Stored dataset items:
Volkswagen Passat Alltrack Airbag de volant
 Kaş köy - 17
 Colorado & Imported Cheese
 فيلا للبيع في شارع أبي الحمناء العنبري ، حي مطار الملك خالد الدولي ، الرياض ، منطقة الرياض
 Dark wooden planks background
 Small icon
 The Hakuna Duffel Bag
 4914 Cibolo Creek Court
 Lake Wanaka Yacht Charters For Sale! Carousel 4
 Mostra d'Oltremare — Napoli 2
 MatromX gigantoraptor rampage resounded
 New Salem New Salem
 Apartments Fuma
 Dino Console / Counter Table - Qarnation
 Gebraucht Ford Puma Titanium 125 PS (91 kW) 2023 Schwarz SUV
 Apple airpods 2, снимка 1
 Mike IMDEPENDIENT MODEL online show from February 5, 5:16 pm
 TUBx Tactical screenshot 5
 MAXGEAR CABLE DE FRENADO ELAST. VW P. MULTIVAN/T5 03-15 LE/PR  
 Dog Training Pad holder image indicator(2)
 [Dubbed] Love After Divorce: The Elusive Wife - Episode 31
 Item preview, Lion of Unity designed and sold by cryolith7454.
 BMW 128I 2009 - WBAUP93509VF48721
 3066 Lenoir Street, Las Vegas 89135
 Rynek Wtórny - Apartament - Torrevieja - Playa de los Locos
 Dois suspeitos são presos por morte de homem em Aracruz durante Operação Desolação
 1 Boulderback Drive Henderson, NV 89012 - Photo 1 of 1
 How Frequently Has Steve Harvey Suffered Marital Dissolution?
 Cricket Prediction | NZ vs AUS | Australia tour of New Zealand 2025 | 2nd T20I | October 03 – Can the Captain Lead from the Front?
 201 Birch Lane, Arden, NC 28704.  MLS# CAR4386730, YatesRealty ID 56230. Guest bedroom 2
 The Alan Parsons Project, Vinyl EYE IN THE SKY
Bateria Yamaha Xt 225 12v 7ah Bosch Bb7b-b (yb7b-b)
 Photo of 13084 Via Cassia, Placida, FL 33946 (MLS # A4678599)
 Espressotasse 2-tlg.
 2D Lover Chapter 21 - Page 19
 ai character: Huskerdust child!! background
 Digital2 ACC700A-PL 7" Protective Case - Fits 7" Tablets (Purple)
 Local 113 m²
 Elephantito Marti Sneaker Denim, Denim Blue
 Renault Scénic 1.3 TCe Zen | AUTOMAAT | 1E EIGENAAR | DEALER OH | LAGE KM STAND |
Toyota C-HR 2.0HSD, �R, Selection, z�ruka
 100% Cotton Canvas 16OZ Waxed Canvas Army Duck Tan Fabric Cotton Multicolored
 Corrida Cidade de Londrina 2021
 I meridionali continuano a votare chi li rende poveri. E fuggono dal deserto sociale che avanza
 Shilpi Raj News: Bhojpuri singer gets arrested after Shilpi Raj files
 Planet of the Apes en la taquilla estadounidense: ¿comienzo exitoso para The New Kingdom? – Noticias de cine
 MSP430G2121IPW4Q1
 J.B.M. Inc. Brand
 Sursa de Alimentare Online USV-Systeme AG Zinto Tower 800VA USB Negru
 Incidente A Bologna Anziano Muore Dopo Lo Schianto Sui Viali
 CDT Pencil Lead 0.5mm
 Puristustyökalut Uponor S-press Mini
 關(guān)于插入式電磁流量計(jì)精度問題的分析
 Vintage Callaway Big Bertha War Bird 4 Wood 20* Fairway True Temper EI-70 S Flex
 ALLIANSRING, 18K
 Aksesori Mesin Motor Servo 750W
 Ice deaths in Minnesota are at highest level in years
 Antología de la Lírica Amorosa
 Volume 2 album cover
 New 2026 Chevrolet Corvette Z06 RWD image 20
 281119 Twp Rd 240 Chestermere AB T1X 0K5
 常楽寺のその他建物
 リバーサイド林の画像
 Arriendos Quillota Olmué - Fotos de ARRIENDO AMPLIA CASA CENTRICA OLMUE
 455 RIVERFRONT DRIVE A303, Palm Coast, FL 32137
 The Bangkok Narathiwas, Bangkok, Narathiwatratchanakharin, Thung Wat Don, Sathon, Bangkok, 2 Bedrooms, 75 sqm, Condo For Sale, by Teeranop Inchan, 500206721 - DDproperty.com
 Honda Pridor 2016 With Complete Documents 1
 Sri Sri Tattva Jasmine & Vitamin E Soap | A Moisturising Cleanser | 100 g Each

§ **ASSIGNMENT**:
If a line falls between the first line of the data above and the line holding "Apple airpods 2, снимка 1", inclusive, retype it exactly; retype no other line.

§ **SOLUTION TO THIS EXERCISE**:
Volkswagen Passat Alltrack Airbag de volant
 Kaş köy - 17
 Colorado & Imported Cheese
 فيلا للبيع في شارع أبي الحمناء العنبري ، حي مطار الملك خالد الدولي ، الرياض ، منطقة الرياض
 Dark wooden planks background
 Small icon
 The Hakuna Duffel Bag
 4914 Cibolo Creek Court
 Lake Wanaka Yacht Charters For Sale! Carousel 4
 Mostra d'Oltremare — Napoli 2
 MatromX gigantoraptor rampage resounded
 New Salem New Salem
 Apartments Fuma
 Dino Console / Counter Table - Qarnation
 Gebraucht Ford Puma Titanium 125 PS (91 kW) 2023 Schwarz SUV
 Apple airpods 2, снимка 1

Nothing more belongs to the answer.